AIM OF THE EXERCISE
With the pictures removed, write out the data below exactly.
── SUPPLIED DATA
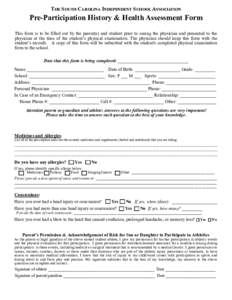 The South Carolina Independent School Association  Pre-Participation History & Health Assessment Form This form is to be filled out by the parent(s) and student prior to seeing the physician and presented to the physicia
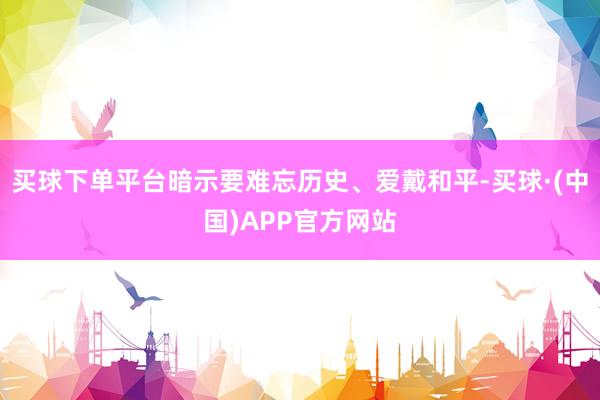买球下单平台暗示要难忘历史、爱戴和平-买球·(中国)APP官方网站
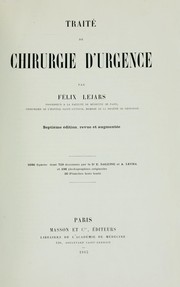 Cover of: Traité de chirurgie d'urgence by Félix Lejars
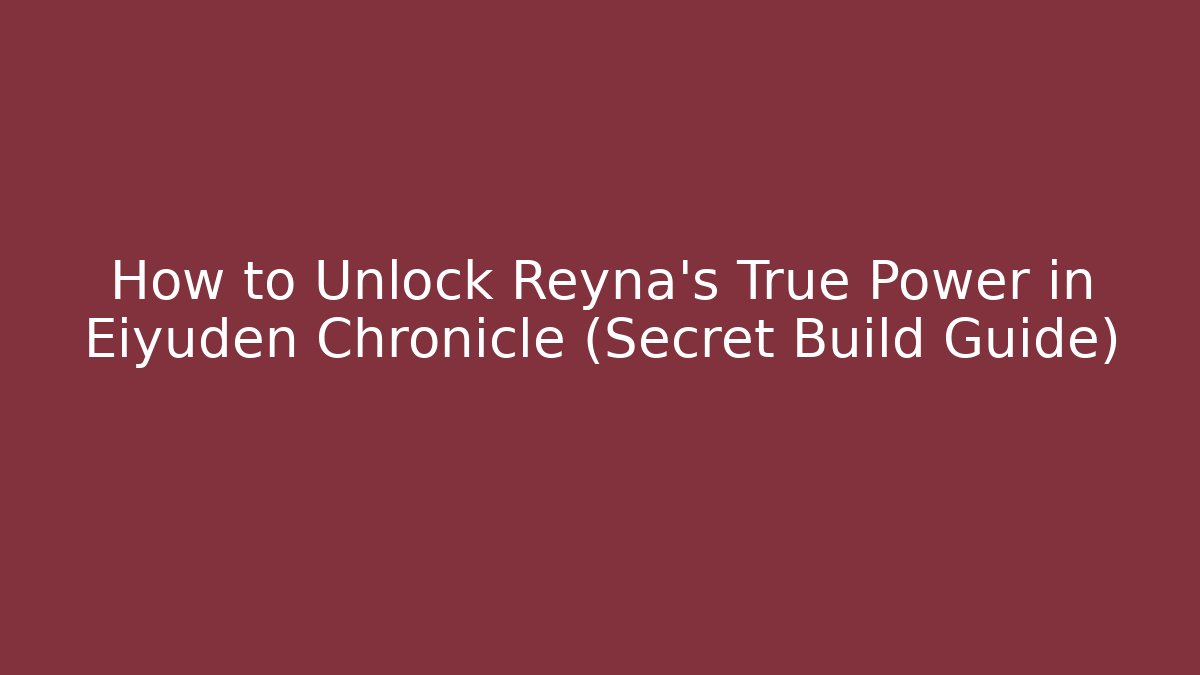 How to Unlock Reyna's True Power in Eiyuden Chronicle (Secret Build Guide)
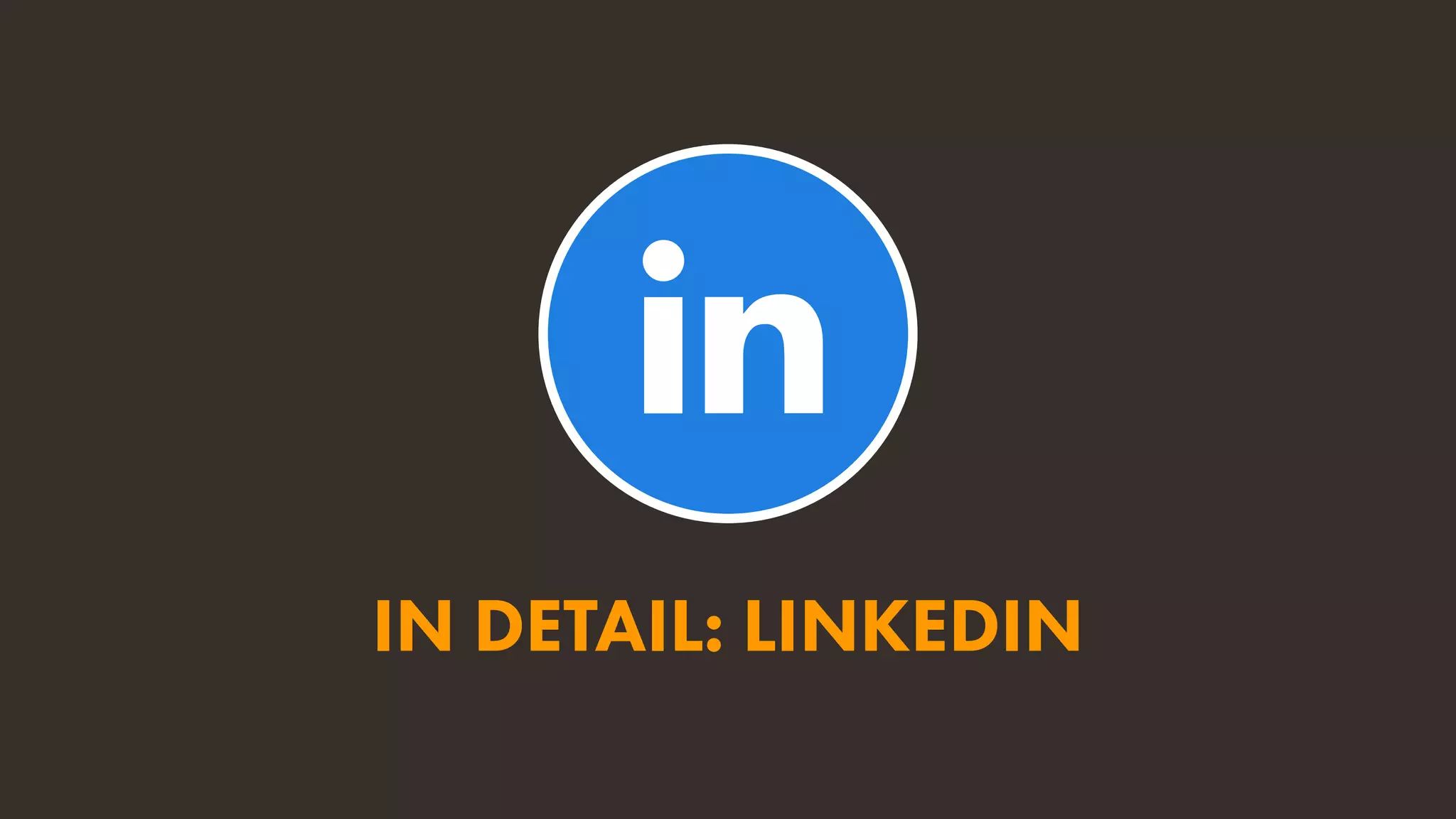 IN DETAIL: LINKEDIN
 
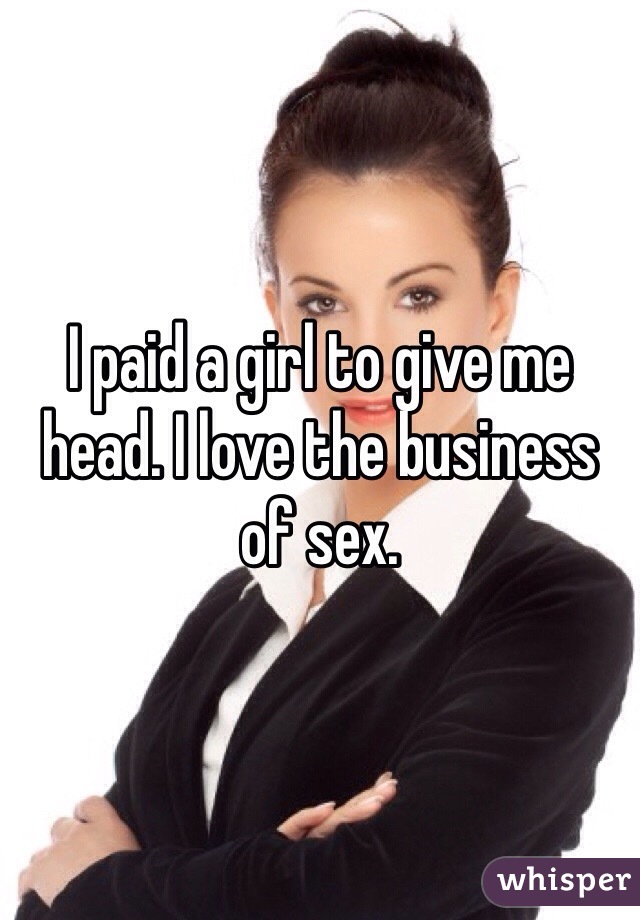 I paid a girl to give me head. I love the business of sex. 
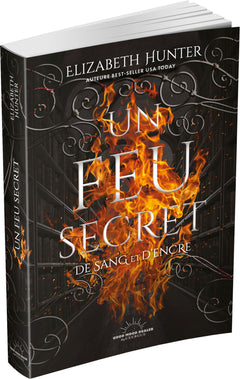 Un feu secret - De sang et d'encre - Tome 1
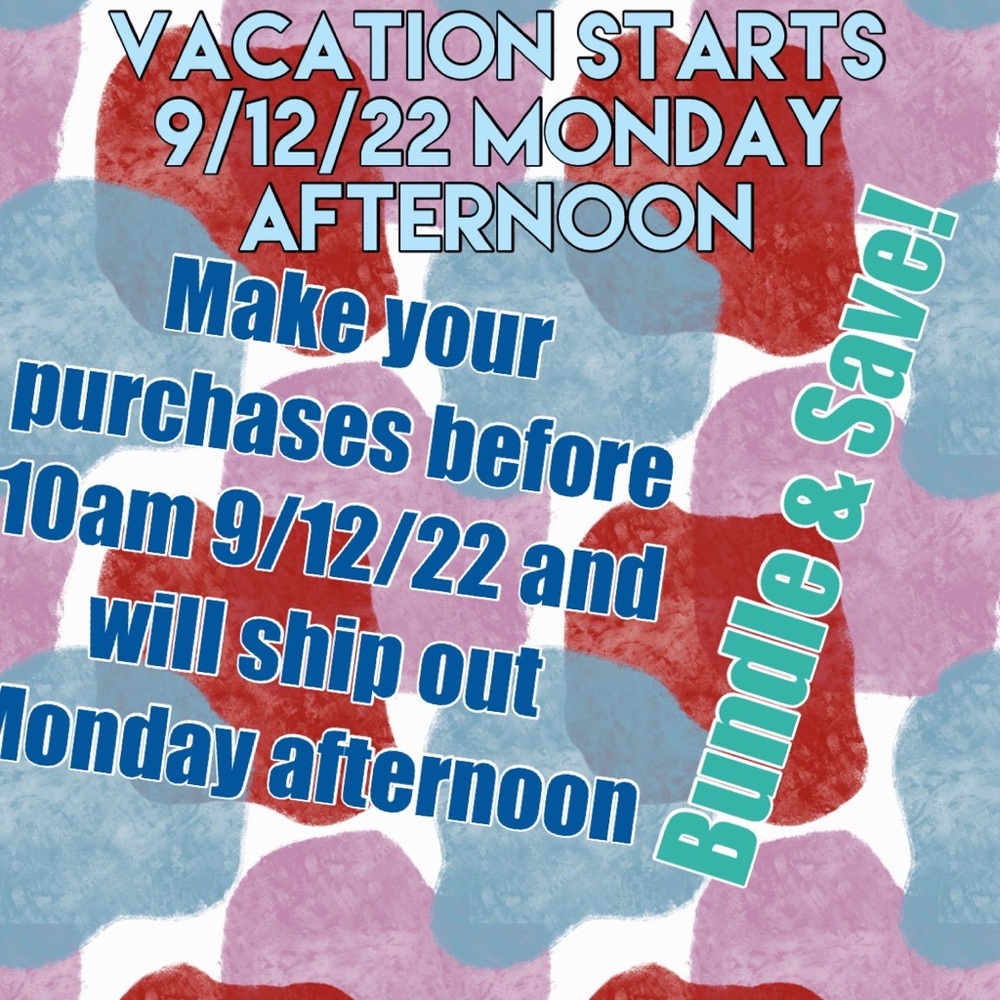 Going on Vacation, Make your Purchases!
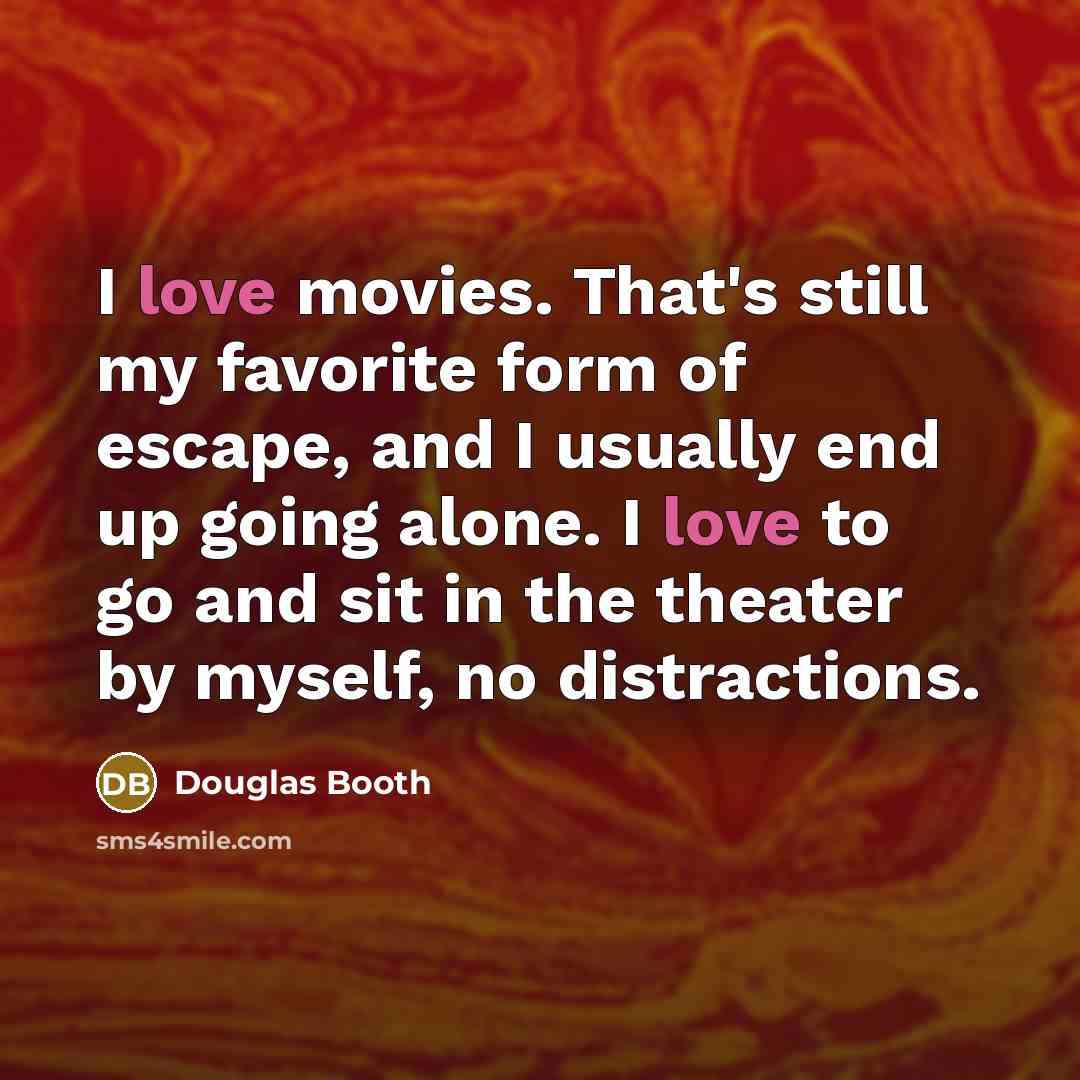 “I love movies. That's still my favorite form of escape,…” quote by Douglas Booth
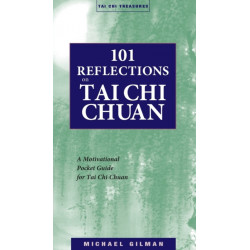 101 Reflections on Tai Chi Chuan: A Motivational Guide for Tai Chi Chuan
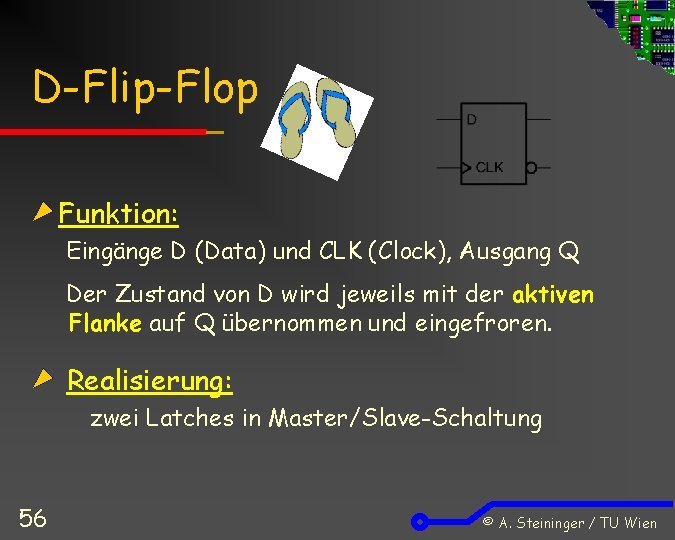 D-Flip-Flop Funktion: Eingänge D (Data) und CLK (Clock), Ausgang Q Der Zustand von D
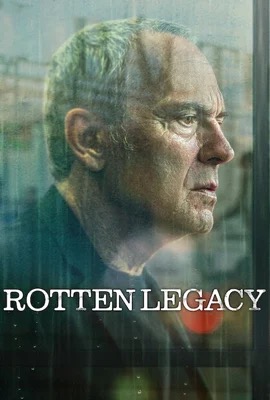 ดูหนังออนไลน์ Rotten Legacy  มรดกตกร่วง (2025)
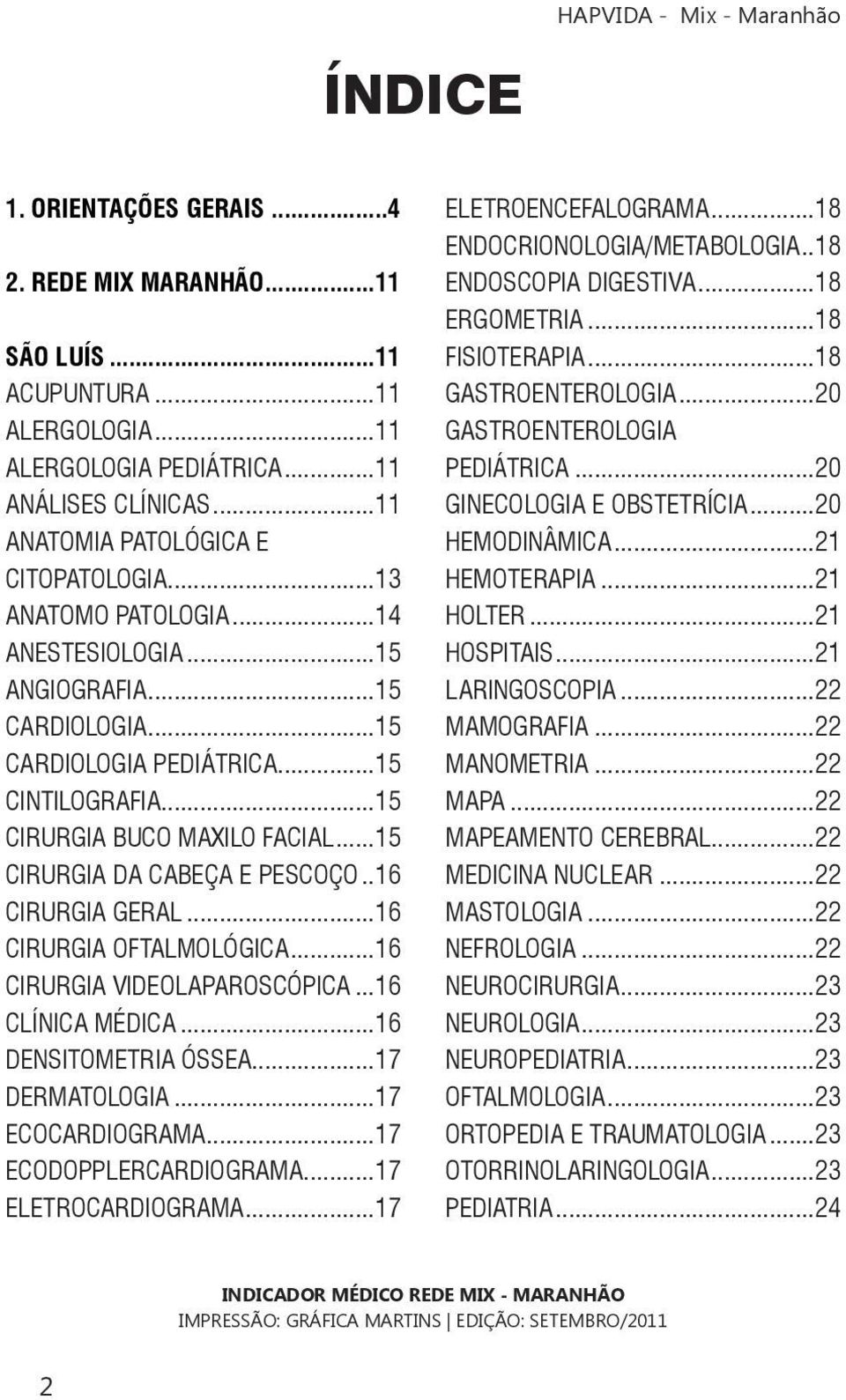 .16 CIRURGIA GERAL...16 CIRURGIA OFTALMOLÓGICA...16 CIRURGIA VIDEOLAPAROSCÓPICA...16 CLÍNICA MÉDICA...16 DENSITOMETRIA ÓSSEA...17 DERMATOLOGIA...17 ECOCARDIOGRAMA...17 ECODOPPLERCARDIOGRAMA.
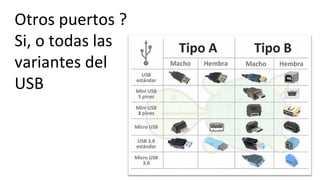 Otros	
  puertos	
  ?	
  
Si,	
  o	
  todas	
  las	
  
variantes	
  del	
  
USB	
  
 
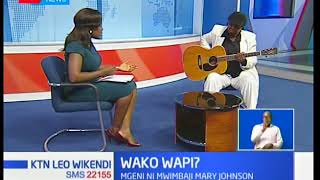 Wako Wapi Leo Ni Zamu Ya Mwimbaji  Mary Johnson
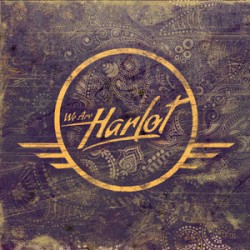 We Are Harlot We Are Harlot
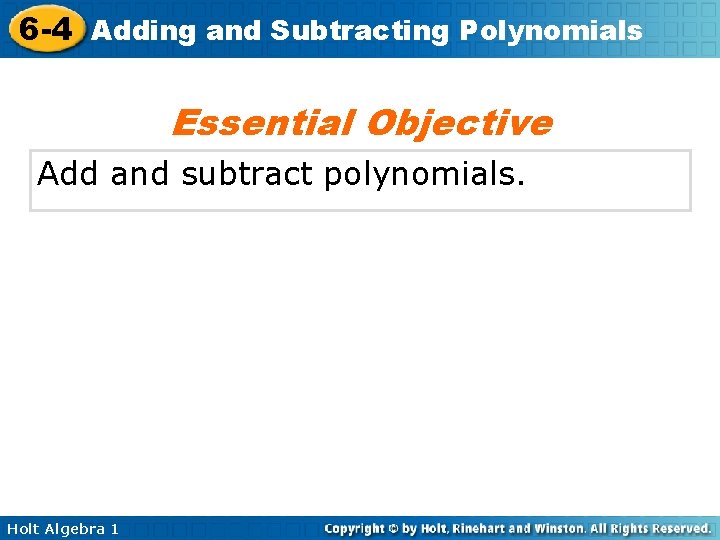 6 -4 Adding and Subtracting Polynomials Essential Objective Add and subtract polynomials. Holt Algebra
────
TASK RESPONSE
 The South Carolina Independent School Association  Pre-Participation History & Health Assessment Form This form is to be filled out by the parent(s) and student prior to seeing the physician and presented to the physicia
买球下单平台暗示要难忘历史、爱戴和平-买球·(中国)APP官方网站
 Cover of: Traité de chirurgie d'urgence by Félix Lejars
 How to Unlock Reyna's True Power in Eiyuden Chronicle (Secret Build Guide)
 IN DETAIL: LINKEDIN
 
 I paid a girl to give me head. I love the business of sex. 
 Un feu secret - De sang et d'encre - Tome 1
 Going on Vacation, Make your Purchases!
 “I love movies. That's still my favorite form of escape,…” quote by Douglas Booth
 101 Reflections on Tai Chi Chuan: A Motivational Guide for Tai Chi Chuan
 D-Flip-Flop Funktion: Eingänge D (Data) und CLK (Clock), Ausgang Q Der Zustand von D
 ดูหนังออนไลน์ Rotten Legacy  มรดกตกร่วง (2025)
 .16 CIRURGIA GERAL...16 CIRURGIA OFTALMOLÓGICA...16 CIRURGIA VIDEOLAPAROSCÓPICA...16 CLÍNICA MÉDICA...16 DENSITOMETRIA ÓSSEA...17 DERMATOLOGIA...17 ECOCARDIOGRAMA...17 ECODOPPLERCARDIOGRAMA.
 Otros	
  puertos	
  ?	
  
Si,	
  o	
  todas	
  las	
  
variantes	
  del	
  
USB	
  
 
 Wako Wapi Leo Ni Zamu Ya Mwimbaji  Mary Johnson
 We Are Harlot We Are Harlot
 6 -4 Adding and Subtracting Polynomials Essential Objective Add and subtract polynomials. Holt Algebra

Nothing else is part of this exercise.